The study was done by researchers from the Ministry of Earth Sciences, India Meteorological Department (IMD), Indian Institute of Tropical Meteorology (IITM) and Indian Institute of Science, Education and Research (IISER), Mohali. The median concentration of 13 of the 16 gases measured were higher in the morning hours (7 am to 8 am) and afternoons (1.30 pm to 2.30 pm) on days when the scheme was implemented, as against three random reference days before and after the fortnight-long odd-even campaign.

Speaking to

India Science Wire , Dr. Vinayak Sinha, a member of the research team from IISER, explained that the higher concentration of gases was likely due to the fact that though there was a reduction in the number of cars, there was an increase in the number of other vehicles on the road: public transport buses, trucks, two-wheelers, three-wheelers, as also CNG-operated cars that were exempted from the scheme.

A study by the Council on Energy, Environment and Water (CEEW) found that the daily average number of vehicles increased by 10 per cent during the odd-even period in January 2016, compared to the last week of December 2015. The increase was primarily attributed to a 17 per cent increase in two-wheelers, 12 per cent increase in three-wheelers, 22 per cent rise in taxis and 138 per cent rise in the number of private buses.

In addition, a large number of personal vehicle owners seemed to have opted to commute earlier in the morning and later in the evening, before and after the odd–even rule was enforced (from 8 am to 8 pm) to avoid penalty.

The study says “the odd-even rule may have resulted in traffic decongestion during peak hours, which may certainly have benefitted commuters. However, it must also be kept in mind that enhanced traffic emissions during times of the day when the dilution effect due to the atmospheric boundary layer is low (early morning before 8 a.m. and at night after sunset) could lead to higher peak concentration exposure for several health-relevant carcinogenic VOCs (volatile organic compounds) such as benzene”.

Dr Sinha said the study looked at the concentration of chemical tracers that were specific to vehicle emissions and biomass emissions, unlike many other studies which investigated the impact of the odd-even rule on ambient concentrations of nitrogen oxides, sulphur dioxides, ozone and particulate matter (PM10 and PM2.5), which are driven by multiple emissions sources.

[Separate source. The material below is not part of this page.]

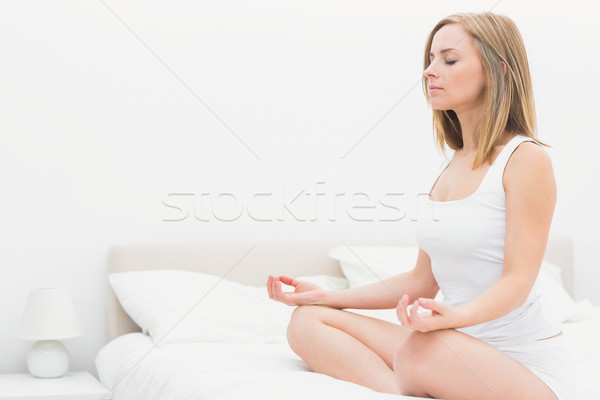 Woman sitting in lotus position with eyes on bed Stock photo © wavebreak_media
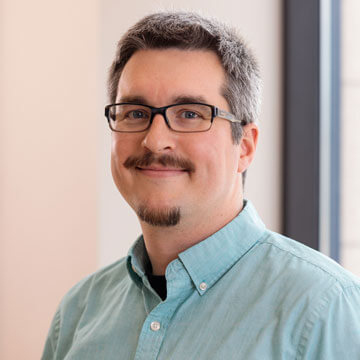 Nick Davis, smiling man in blue polo shirt, glasses, and goatee. Professional headshot.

The report suggested that arrangements be made for deploying systems for online measurement of VOCs at multiple strategic sites and webcams at sampling sites to get a better picture of the number and type of vehicles passing by. This would help address current uncertainties with regard to quantitative source apportionment of air pollutants.

Besides Dr. Sinha, the study team included Dr. B.P. Chandra, H. Hakkim, A. Kumar, H. Pawar, A.K. Mishra, G. Sharma, Pallavi, and S. Garg of IISER, Mohali, Sachin D.Ghude, D.M. Chate, Prakash Pithani, and Rachana Kulkarni of IITM, Pune and R.K. Jenamani of IMD, Delhi.